START Supplied records

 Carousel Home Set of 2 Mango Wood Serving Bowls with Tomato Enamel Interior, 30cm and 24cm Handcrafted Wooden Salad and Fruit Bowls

END Supplied records
START Supplied records

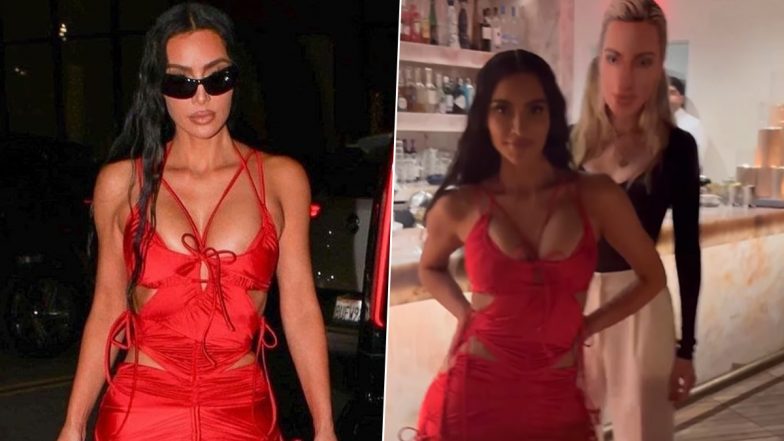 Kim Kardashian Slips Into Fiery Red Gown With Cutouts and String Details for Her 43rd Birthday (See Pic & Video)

END Supplied records
START Supplied records

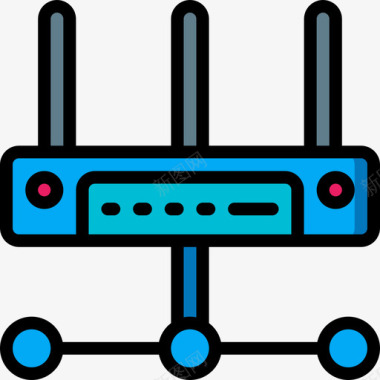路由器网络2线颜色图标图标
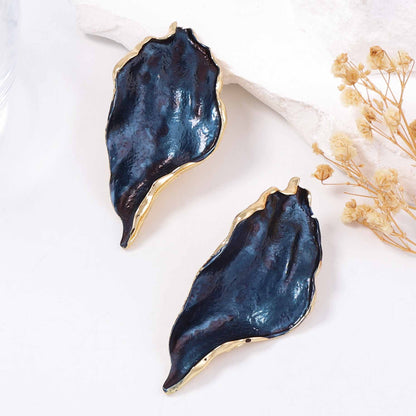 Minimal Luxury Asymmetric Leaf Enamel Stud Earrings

END Supplied records

> **Exercise requirements**:
No picture is to be printed. Output exactly the lines above from the line containing "路由器网络2线颜色图标图标" through the line containing "Minimal Luxury Asymmetric".

> **Solution for this task**:
路由器网络2线颜色图标图标
 Minimal Luxury Asymmetric Leaf Enamel Stud Earrings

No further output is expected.